Andreas Nautsch successfully defended his Master thesis „Speaker Verfication using i-Vectors“, after working with da/sec and atip GmbH in the period of October 2013 to April 2014.
Speaker verification becomes more important as a biometric key security solution in industry, forensic, and governmental terms. For ensuring purposes of data privacy, telephone-based authentication concepts get more popular e. g., data encryption on mobile devices, or user validations on contact-centers. Further, forensic speech analysis are relevant to i. e. lawsuits where the origin of a recorded cry for help is decision-making to distinguish between self-defence or homicide.
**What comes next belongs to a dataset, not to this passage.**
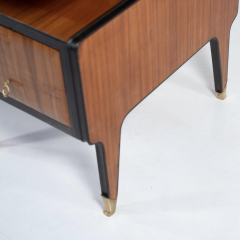 Mid Century Modern Desk by Vittorio Dassi Italy 1950s - 3893542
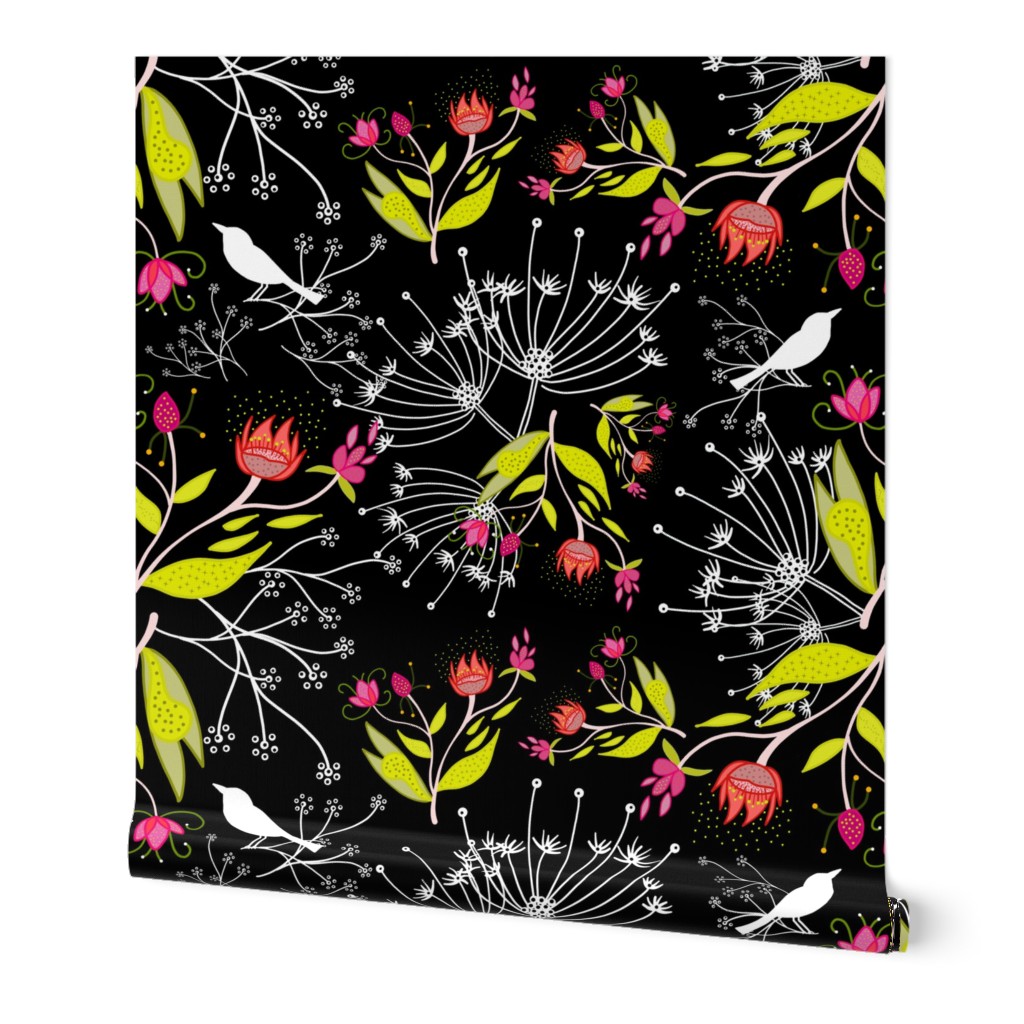 Garden on Planet X #1 - black, medium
Current researches emphasise on text-independent scenarios which e. g., verify on randomised pass-phrases in short duration effort, and on analysing duration-variant speech samples which comprise durations of one second up to many minutes. Thereby, speaker characteristics are modelled by statistical patterns where state-of-the-art research systems prefer template-probe to model-based comparisons, since model-based approaches were shown to be less accurate and having too high computational efforts in duration-variant scenarios. In contrast, template-based systems are known to have disadvantages in short-term scenarios. State-of-the-art researches comprise identity vectors (i-vectors) which describe the speaker-characteristic offset to an universal background model.
The applicability of i-vectors will be evaluated in this thesis by comparing i-vector system to well-established model-based approaches on an industry short duration scenario. Thereby, the i-vector approach will be shown not only to operate robust and fast, but also augment existing technologies, such that equal error rates below 0.5% can be achieved. Further, a new duration-mismatch compensation technique will be presented that increases the robustness and performance of i-vector systems in duration-variant scenarios. This new method was evaluated within a current international evaluation of the National Institute of Standards and Technology (NIST) which examines stateof- the-art i-vector systems: the NIST baseline system could be significantly outperformed by a 19% relative-gain in terms of minimum detection costs. Furthermore, this thesis provides a speaker verification framework design which is based on the ISO/IEC 19795-1:2006 Biometric Performance Testing and Reporting — Part 1: Principles and Framework standard.